Your pension is not paid out of total return. Your pension is paid out of your income. It’s far more important that that income be reliable and available when you need it than it is to have “the best” theoretical total return. Your bills need to be paid every month, the power company is unlikely to agree “Hey, the market is down this month, so I’d rather not sell. I’ll only pay you back when it recovers!”
Everyone wants more money. Even billionaires will no longer refuse money. Yet when you think about it, what you need for your retirement isn’t the largest lump sum of money you can get at one time. In fact, you don’t really need a lump sum. What you Needit’s a constantly recurring income for the rest of your life, however long that may be.
Collect income. Stop selling.
One of the biggest arguments we see against investing in dividends is that other investors will simply say they can sell stock in a company they own to generate income and thus create their own dividends. This depends on two false assumptions: the first is that the market will always go up, and the second is that they will always be able to sell for more than what they paid. When I receive a dividend from the company, I get paid out of its cash flow. They are not giving back the value I paid them, but instead giving back the value they have created through the operation of their company.
Once investors are forced to sell stocks to make income, what they are doing is making capital gains. They are reducing their ownership of the business and, therefore, are getting paid for full houses. When I receive a dividend. I get paid for the company’s cash flow as a form of income and my ownership level doesn’t change. This is a crucial distinction between selling stock for profit and receiving dividends that is often overlooked. It would be like deciding to sell part of your house and claiming that you are receiving income instead of renting it out. You still own the house if you rent it out, but if you start selling it piecemeal, you no longer own that portion, never mind the rest of your home appreciates over time.
An income investor’s goal should be to receive sufficient income from their holdings so that they never have to sell a share. They can simply continue to collect dividends regardless of how the market decides to value their holdings. When the market goes up, down, or even sideways, as long as those dividends come in, they’re an irrevocable, irrevocable form of income. The company can’t come back in three months and decide you have to give them their money back.
The simple answer
Many retirees find themselves in the position of selling stock to fund their retirement. When the market is bullish, like in 2021, they are optimistic. So the market goes down more than 20% in 2022 and they get nervous. It is very likely that at some point in the future they will see their portfolio decrease by 30, 40 or even 50%+. As they are forced to sell lower priced stocks because they need income, doubt will creep into their minds: Do they have enough to live on?

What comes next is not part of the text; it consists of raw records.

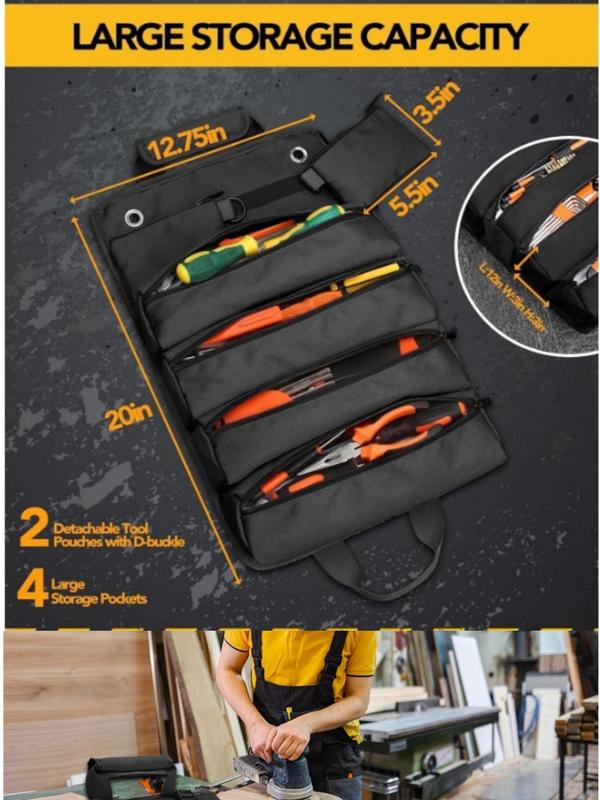 ToolStorage – Alles dabei. Jederzeit einsatzbereit.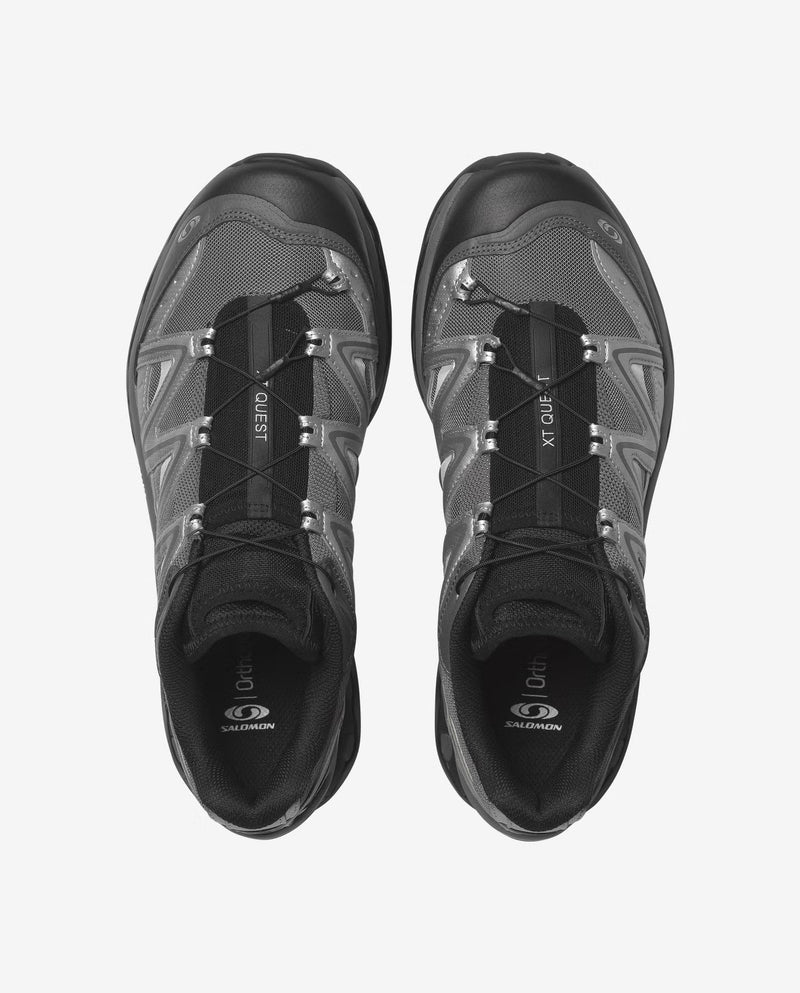 SALOMON XT-QUEST Black / Ftw Silver L49171600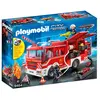 Bild von Playmobil Feuerwehrwagen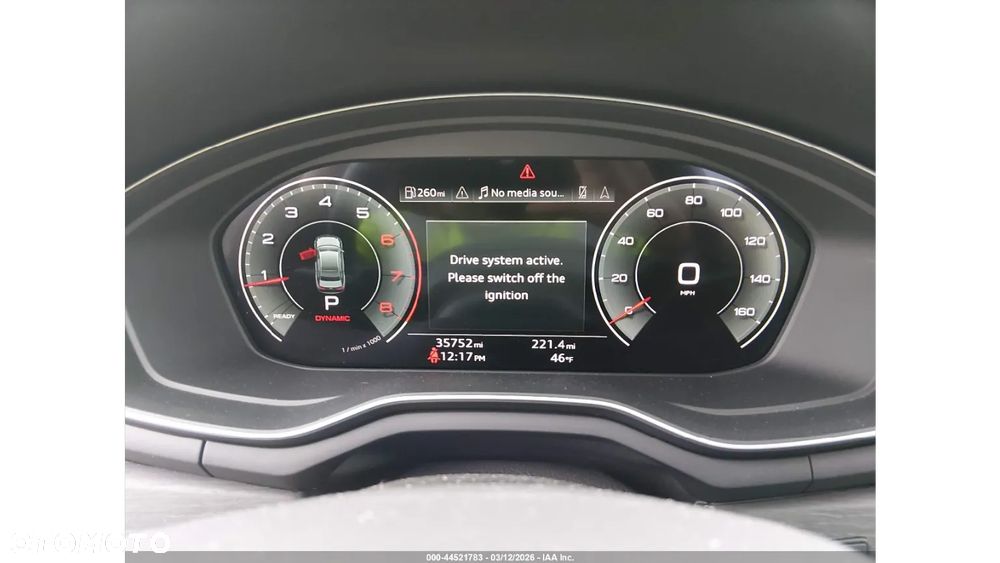 Audi A4 Limousine 40 TFSI S tronic S line - 11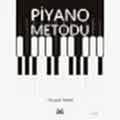 Piyano Metodu- Yalçın İMAN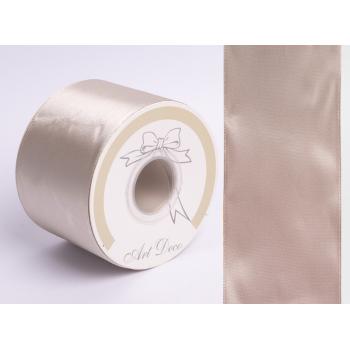 SATÉNOVÁ STUHA, VINTAGE DRAP RAP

Is there a simple answer to this problem?
Yes there is.
Luckily for you, there have been thousands of retirees who have used income investing to solve that fear. They no longer have to live with their constant fear. No longer do they have to stay up late at night worrying or worrying about pinching pennies when enjoying their retirement travel or visiting family. You’ll never have to set your budget and wonder where the money will come from. The answer is simply this: Invest to earn. Get that income. You enjoy that income without ever having to sell a share.
Find out how much income you have and plan your budget to spend less. Just like you did when you were making money from a job.
That’s the beauty of my income method. That’s the beauty of income investing.